- _Dataset entries_

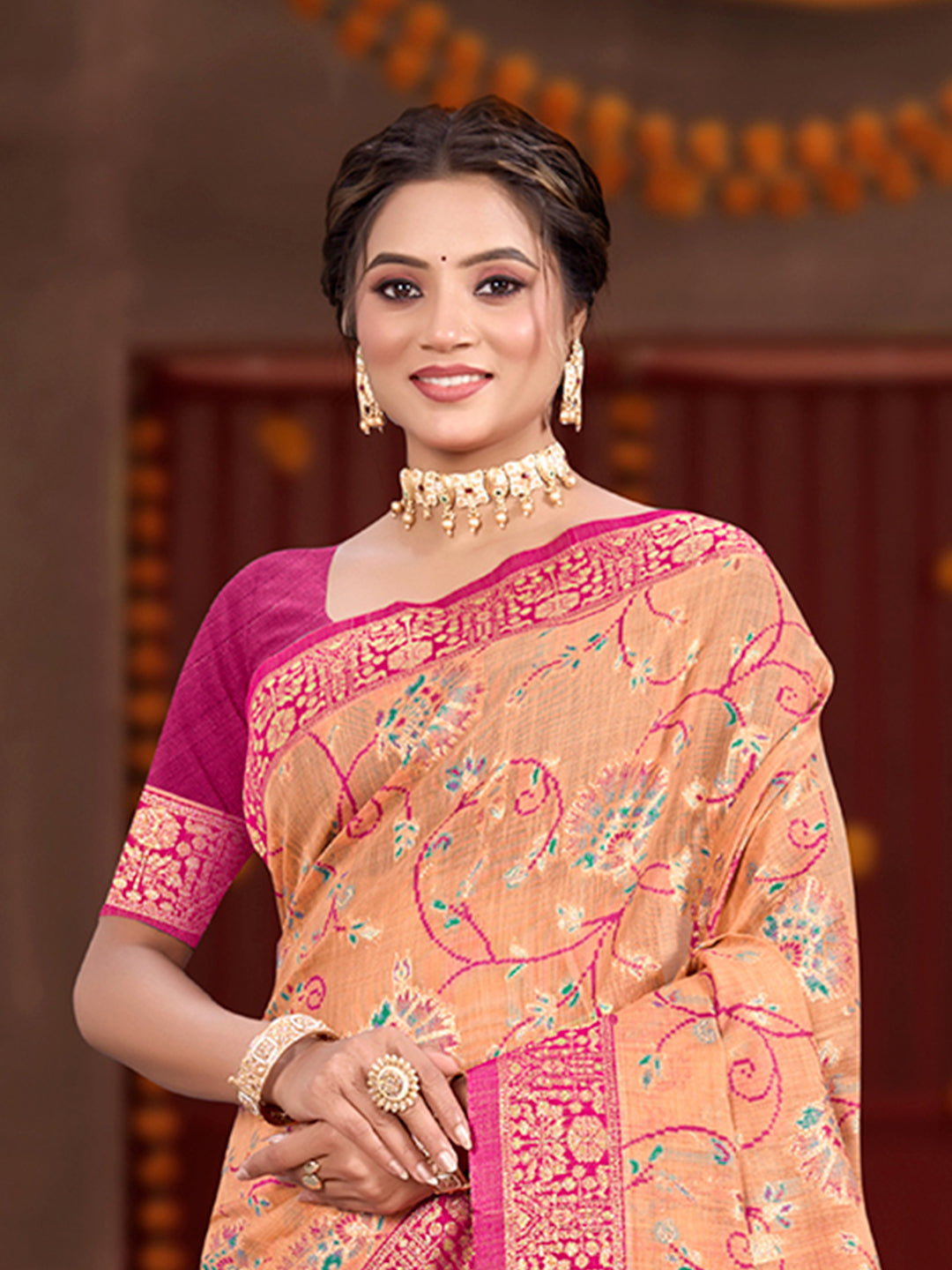 Sangam Prints Peach Cotton Silk With Meena Woven Work Traditional Saree | Grocsy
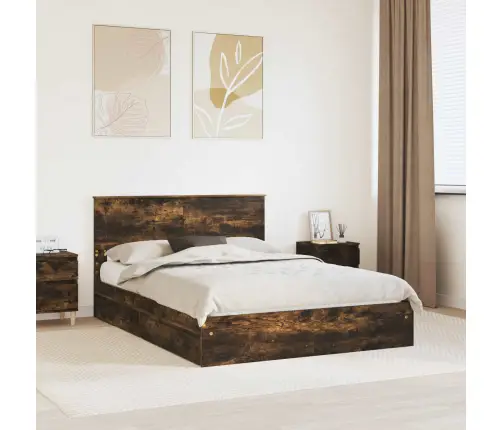 Saugos Lova Rūkyta Ąžuolas 160 X 200 Cm Apdirbta Mediena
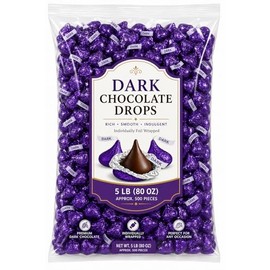 Foil Wrapped Dark Chocolate Candy Pieces Bulk Bag - 5 lb (Approx. 500 pieces)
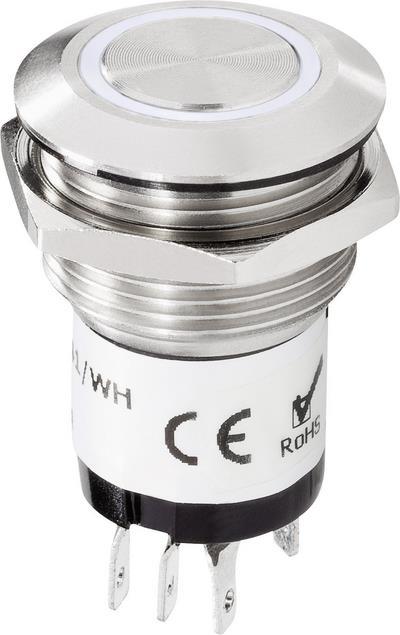 Renkforce RF-4707814 Klingeltaster beleuchtet 1fach Edelstahl, Weiß 24 V DC/ 2 A, 24 V AC/ 1 A (RF-4707814)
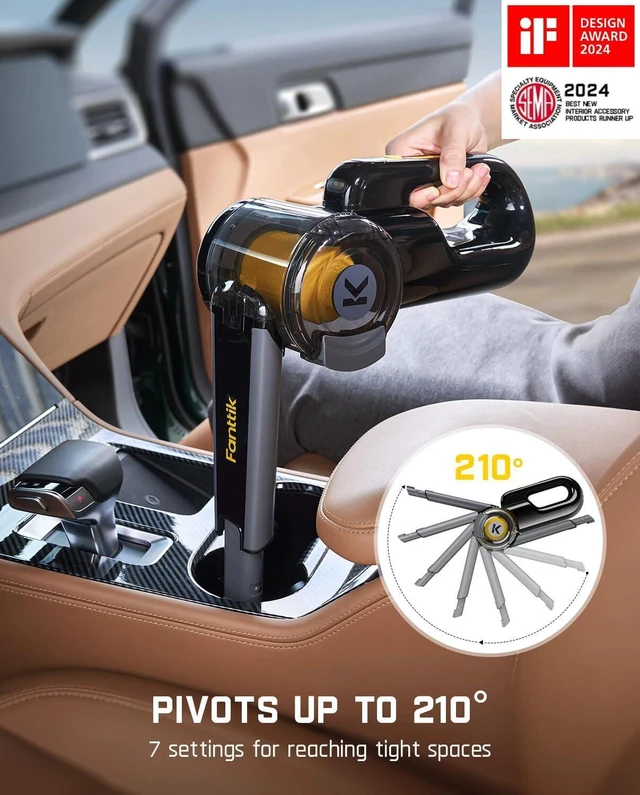 Alt view image 3 of 7 - Fanttik Fold V10 APEX Pivot Cordless Car Vacuum, 17000Pa Handheld Vacuum Suction Power, Smart LED Display, Portable for Car Home Pet (Deluxe with Flexible Hose&Pet Brush)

- _Problem requirements_
Return the data exactly. Do not carry over any images.

- _Response to this exercise_
 Sangam Prints Peach Cotton Silk With Meena Woven Work Traditional Saree | Grocsy
 Saugos Lova Rūkyta Ąžuolas 160 X 200 Cm Apdirbta Mediena
 Foil Wrapped Dark Chocolate Candy Pieces Bulk Bag - 5 lb (Approx. 500 pieces)
 Renkforce RF-4707814 Klingeltaster beleuchtet 1fach Edelstahl, Weiß 24 V DC/ 2 A, 24 V AC/ 1 A (RF-4707814)
 Alt view image 3 of 7 - Fanttik Fold V10 APEX Pivot Cordless Car Vacuum, 17000Pa Handheld Vacuum Suction Power, Smart LED Display, Portable for Car Home Pet (Deluxe with Flexible Hose&Pet Brush)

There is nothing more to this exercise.